Mia madre si volge verso di me e mi sfiora il volto. Le sue mani sono gelide.

«Mi dispiace per la partita.» Dice. «Evidentemente non sono ancora pronta ma almeno ho potuto vederti giocare anche se solo per qualche set. Di questo ti ringrazio.»

Si alza e si ritira nella sua stanza. Io rimango in soggiorno. La testa mi scoppia. Provo a sdraiarmi e a prendere il cellulare. Sentire la voce di Robin solitamente mi aiuta.

«Ehi, Lex. Va tutto bene? Prima sei scappata.»

In realtà mi sono nascosta ma va bene lo stesso.

«Ti va se parliamo d'altro?» La supplico. «Di qualsiasi altra cosa ad eccezione della partita.»

«Come sta tua madre?»

Sospiro e mi gratto la fronte.

«Scossa ma meglio del previsto. Senza che glielo chiedessi mi ha raccontato cos'è successo a mia zia. Non credevo che ne sarebbe mai stata capace.»

«È un buon segno, no?»

«Mi ha detto però che non è ancora pronta per sopportare qualcosa come quello che è successo oggi. In pratica non credo che sarà presente alla finale.»

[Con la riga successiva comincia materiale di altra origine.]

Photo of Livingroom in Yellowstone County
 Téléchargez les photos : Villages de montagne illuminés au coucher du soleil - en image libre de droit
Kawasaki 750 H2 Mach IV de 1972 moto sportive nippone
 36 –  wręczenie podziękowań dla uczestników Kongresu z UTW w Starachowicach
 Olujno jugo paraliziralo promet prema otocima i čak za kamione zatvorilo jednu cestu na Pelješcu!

«Sicura che non ci sia un modo per convincerla?»

Mi metto a sedere e un pensiero mi passa per la mente.

«Forse.»

Lascio cadere il telefono e recupero il borsone.

«Lex? Ci sei ancora?»

Cerco tra le mie cose e prendo la giacca. Tiro fuori la lettera con la lista di nomi compilata da mia madre e riprendo il cellulare.

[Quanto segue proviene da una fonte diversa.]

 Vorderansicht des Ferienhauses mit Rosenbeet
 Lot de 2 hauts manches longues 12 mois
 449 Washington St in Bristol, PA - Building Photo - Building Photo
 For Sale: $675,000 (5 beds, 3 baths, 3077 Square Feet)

«Io e mio zio non possiamo farle cambiare idea ma forse so chi potrebbe riuscirci.» dico facendo il possibile per non alzare troppo la voce. «Ricordi la lista di cui ti ho parlato? Quella con tutti i nomi elencati dal primo all'ultimo membro dell'ex squadra di mia madre? Se rintracciassi ogni singola persona della lista, magari potrei trovarne una o più che potrebbe aiutarla a superare il trauma.»

«Già mi piace l'idea. Quando cominciamo?»